Yo estaba desnudo: mercurialmente desnudo. La brisa azotaba mi cuerpo peludamente, buscando el roce placentero con mi piel. Anestesiado, metí los pies en un pozo para desentenderme de la halagüeña mañana. El agua me cortó el espíritu en dos, y perdí de vista mi mitad más pugilística, que se perdió en el bosque para siempre. Sólo quedaba mi alma más frágil y recubierta de tulipanes: la del puro amor.
Me vi de nuevo de pie, sin haber apreciado en la secuencia del sueño un lógico desplazamiento vertical de mi cuerpo. Hacia el cielo azul, entiendo. Seca mi piel, socarronas mis manos, ondulado y gelatinoso mi pecho, miré hacia el umbral de la Puerta. Era ella, también desnuda.
Avanzó majestuosamente. Sacaba pecho y mi pene lo agradecía. Se acercó a mí como lo hacía siempre, pero no me tocó. Pasó de largo, con la mano izquierda posada en su muslo moreno, desde donde chasqueaba escandalosamente un liguero. (Esto lo soñé lingüísticamente, después de haber leído a Marsé).
Ella estaba haciendo la colada. Tendió la ropa y las pinzas luminosas se le cayeron en su regazo imaginario, así que temí por que aquellos dedos de madera remachados con hierro se metieran en su vulva como peces escurridizos.

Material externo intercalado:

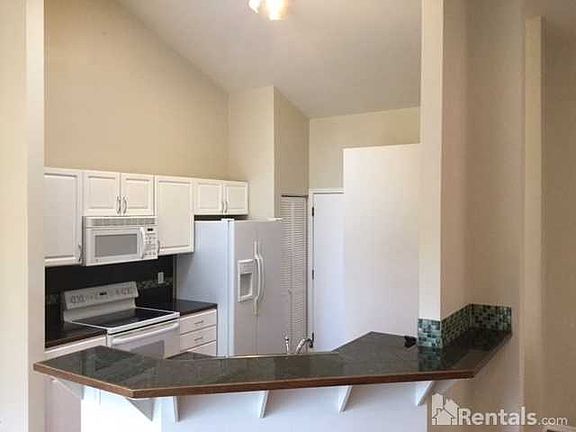 4th image of 105 Corrin Ct NW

Los cogió y los envió de nuevo al inmenso mar de mis sueños, donde bucearían siempre en la búsqueda imposible de mi alma pugilística, ya anegada en el océano total.
Agarró ella el canasto repleto de ropa dorada y volvieron a florecer de su tronco sus magníficos melones perfumados con romero, que convertían el cesto en un infierno eclipsado por la luz del paraíso. Ahora sí que viene hacia mí, pensé, mientras acariciaba mis músculos y una chispa caliente de la chimenea calmaba la condición glacial de mis glúteos. Ella pisó cerca de mis huesos. La vi en el preciso instante del derrumbe, con sus ojitos puestos en mi nariz en lugar de en mis ojos debido a la ya incipiente caída; con los ojos en mi ombligo de níquel pero los pechos aún marmóreos: con la mirada en la luna, que estaba debajo de nosotros, en las profundidades del pozo que me había refrescado y que evitó nuestro cálido abrazo.